What the exercise asks:
Reproduce the complete set of records exactly. No picture is to appear in the copy.

Given data:
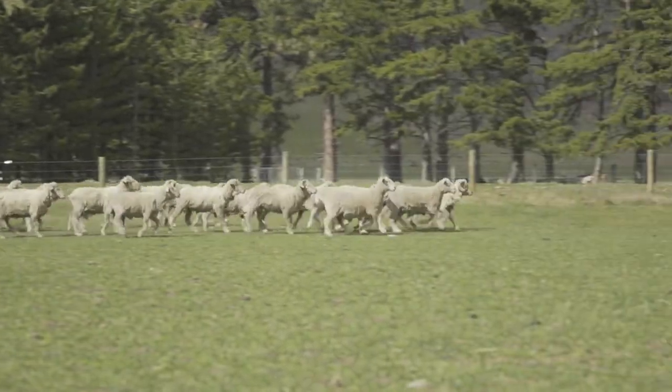They buck and skip and they're happy. We've been given the responsibility of finding the best wool in New Zealand and turning it into the best socks in the world.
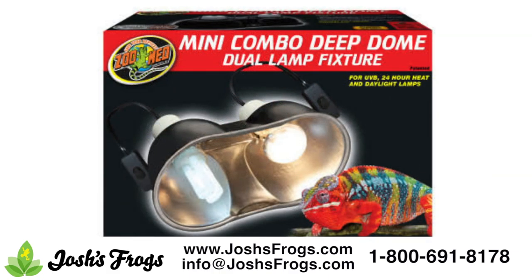The Zoo Med Mini Combo Deep Dome Lamp Fixture allows for the use of a UV and heat bulb in one convenient fixture. A polished aluminum reflector ensures the light and heat go where they need to in your pet tortoise's enclosure.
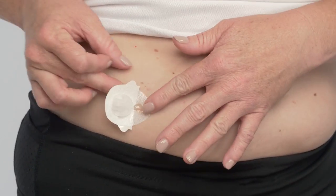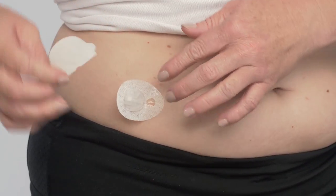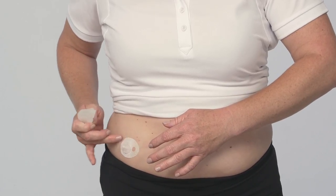Now, place a finger in front of the clear window to secure the cannula. Carefully lift up the back of the adhesive tape. Remove the remaining adhesive backing paper. Press the adhesive tape firmly to secure the infusion set.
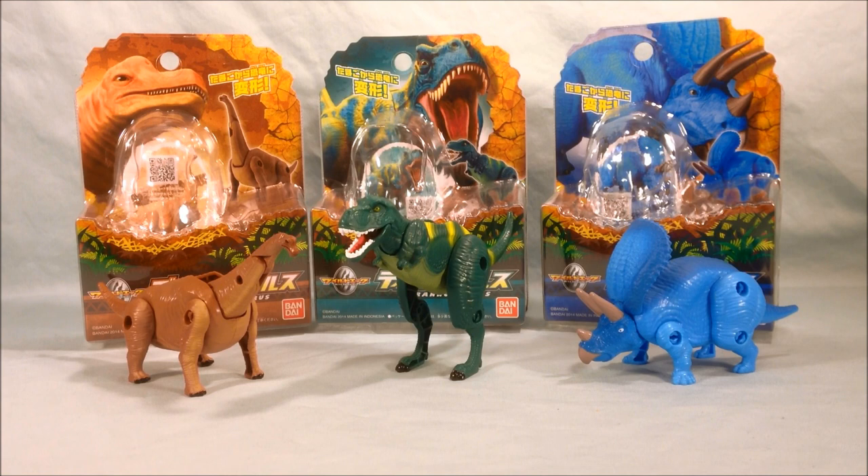If you love dinosaurs and you love transforming eggs, these are a no-brainer. Let me know what you guys think in the comments below. Please like and share this video, and make sure you're subscribed if you haven't already. I hope you've enjoyed this look at the Wild Eggs — the Brachiosaurus, Tyrannosaurus, and Triceratops. Thanks for watching!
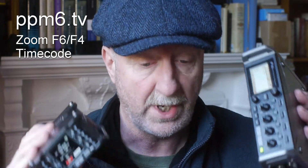Now a little bit of history before we start. When the F4 came out it was a little bit hampered by the fact that if you powered it down, you lost timecode. That's obviously no good — you power down for lunch, power it up again, and you've got to re-sync everything. Not so great.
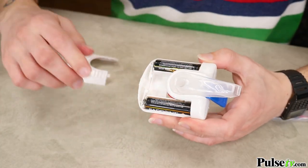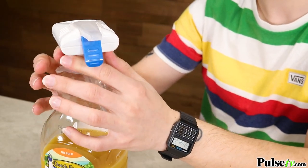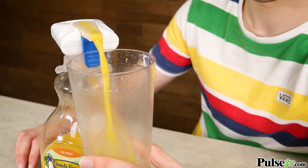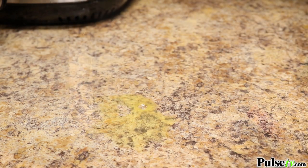Just install two AA batteries, which are not included, attach the universal lid adapter to your favorite drink, and then press the button to dispense. This is a must-have if you have kids because it will eliminate drips, spills, and cut down on the spread of germs.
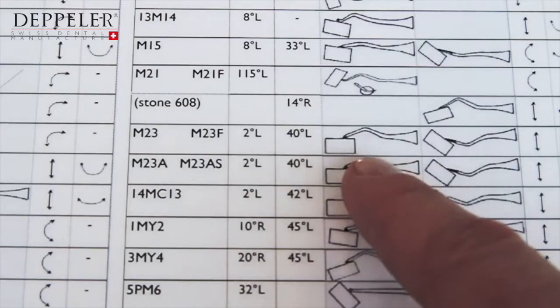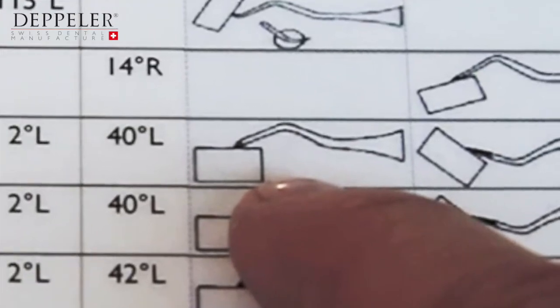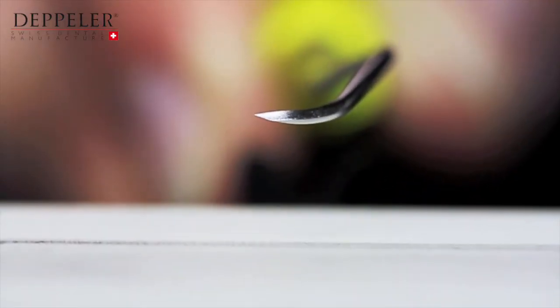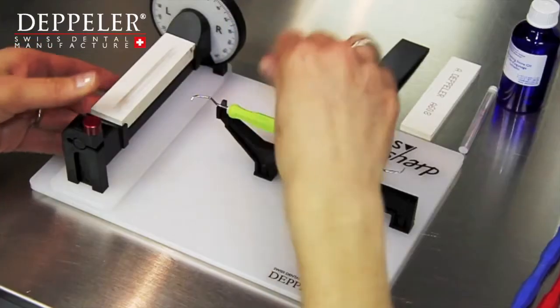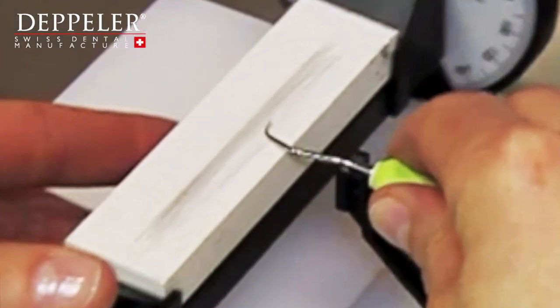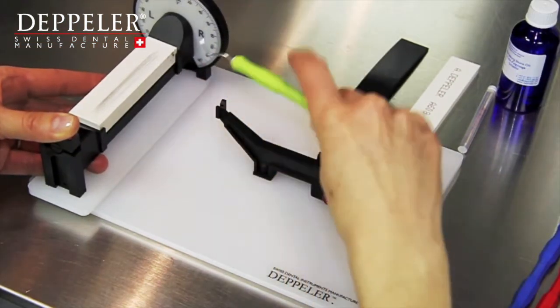Adjust the angle as indicated and block it by tightening the screw. Check that the angle you have adjusted corresponds to the cutting edge you want to sharpen. With this adjustment at 2 degrees, you have to lift the instrument to be able to put the blade on the stone. Check the movements to be made with the stone on one hand and with the instrument on the other. For the M23 scaler, turn the instrument on itself alternately to follow the curve of the blade and slide the stone from the bottom up following the rectilinear movement.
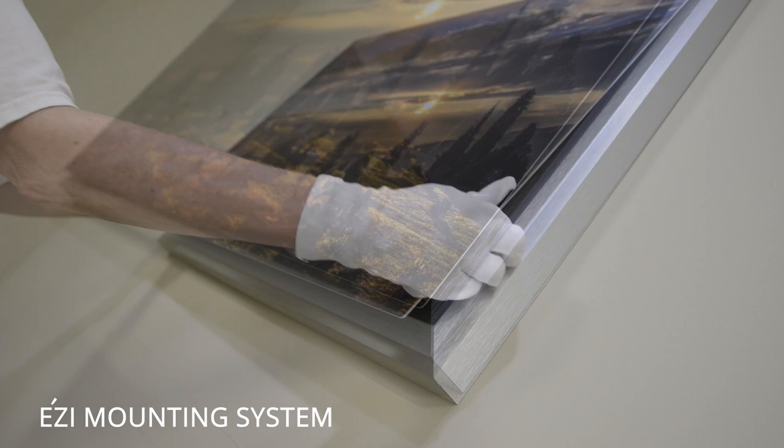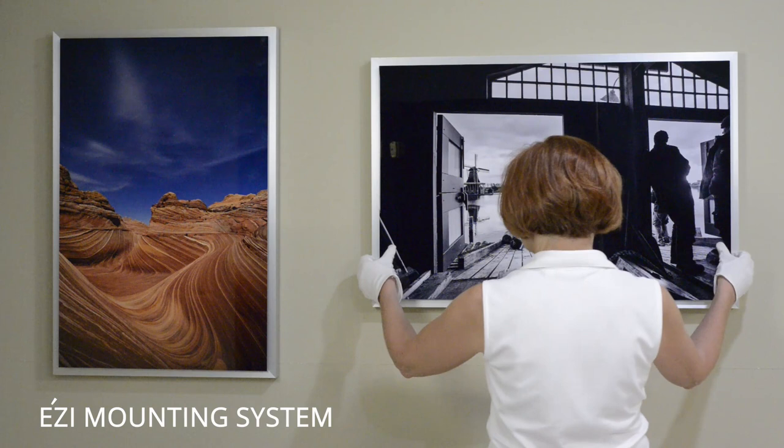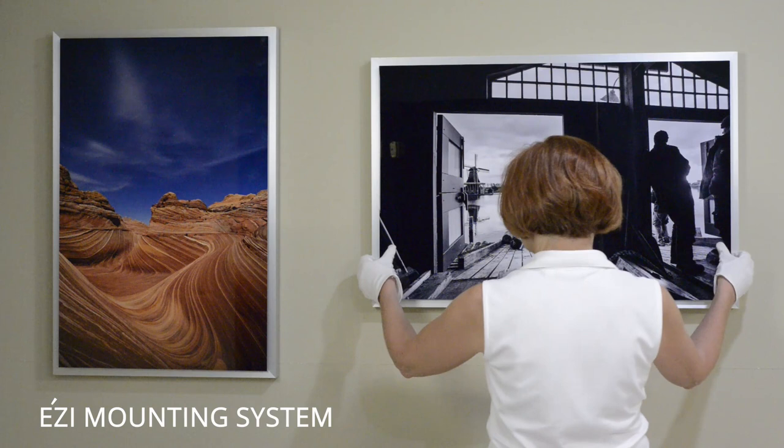Hi, my name is Ben Gasser with Metal Mouth Prints. I want to thank you for joining me in the introduction of our new easy mounting system for metal prints. With the easy mounting system, the print floats in front of a high-quality frame. This is a unique look not seen from any other producers of metal prints.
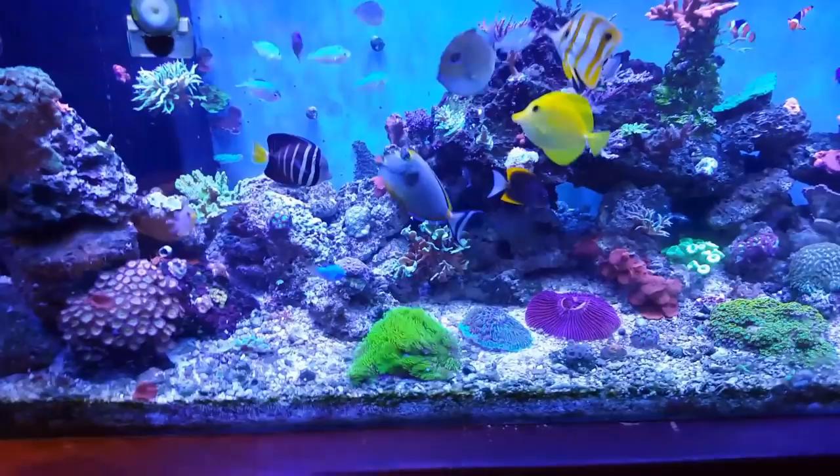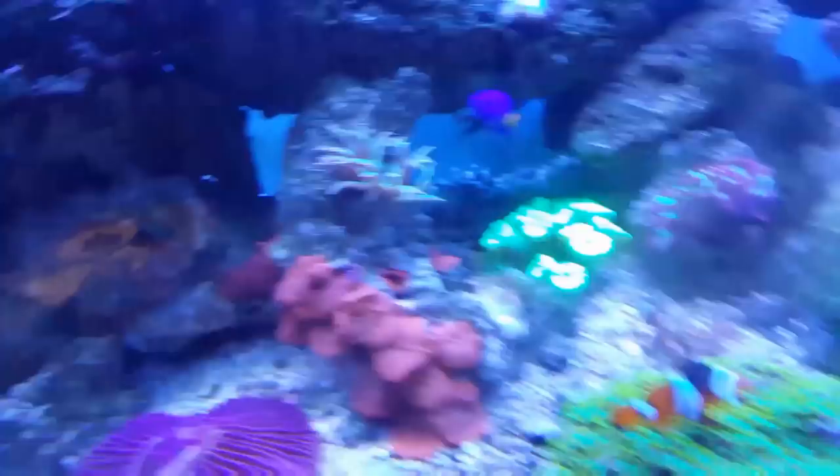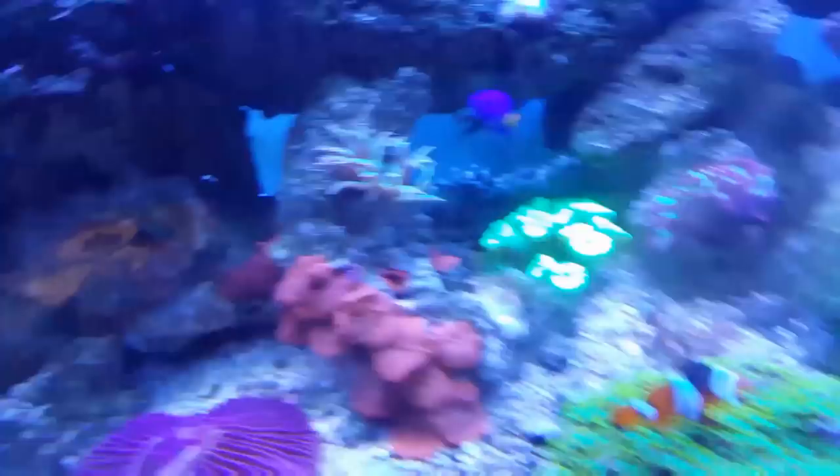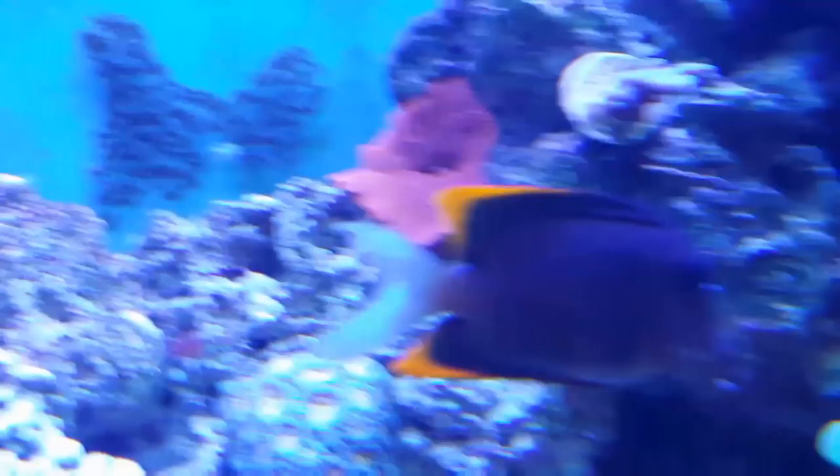I stuck the needle into the mushroom's mouth the best I could, injected just a little bit, and it shriveled up. There's another one right there that I hit — still looking pretty shriveled up today — and another one at the base. Those ones were really big.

Answer box:
They buck and skip and they're happy. We've been given the responsibility of finding the best wool in New Zealand and turning it into the best socks in the world.
The Zoo Med Mini Combo Deep Dome Lamp Fixture allows for the use of a UV and heat bulb in one convenient fixture. A polished aluminum reflector ensures the light and heat go where they need to in your pet tortoise's enclosure.
Now, place a finger in front of the clear window to secure the cannula. Carefully lift up the back of the adhesive tape. Remove the remaining adhesive backing paper. Press the adhesive tape firmly to secure the infusion set.
If you love dinosaurs and you love transforming eggs, these are a no-brainer. Let me know what you guys think in the comments below. Please like and share this video, and make sure you're subscribed if you haven't already. I hope you've enjoyed this look at the Wild Eggs — the Brachiosaurus, Tyrannosaurus, and Triceratops. Thanks for watching!
Now a little bit of history before we start. When the F4 came out it was a little bit hampered by the fact that if you powered it down, you lost timecode. That's obviously no good — you power down for lunch, power it up again, and you've got to re-sync everything. Not so great.
Just install two AA batteries, which are not included, attach the universal lid adapter to your favorite drink, and then press the button to dispense. This is a must-have if you have kids because it will eliminate drips, spills, and cut down on the spread of germs.
Adjust the angle as indicated and block it by tightening the screw. Check that the angle you have adjusted corresponds to the cutting edge you want to sharpen. With this adjustment at 2 degrees, you have to lift the instrument to be able to put the blade on the stone. Check the movements to be made with the stone on one hand and with the instrument on the other. For the M23 scaler, turn the instrument on itself alternately to follow the curve of the blade and slide the stone from the bottom up following the rectilinear movement.
Hi, my name is Ben Gasser with Metal Mouth Prints. I want to thank you for joining me in the introduction of our new easy mounting system for metal prints. With the easy mounting system, the print floats in front of a high-quality frame. This is a unique look not seen from any other producers of metal prints.
I stuck the needle into the mushroom's mouth the best I could, injected just a little bit, and it shriveled up. There's another one right there that I hit — still looking pretty shriveled up today — and another one at the base. Those ones were really big.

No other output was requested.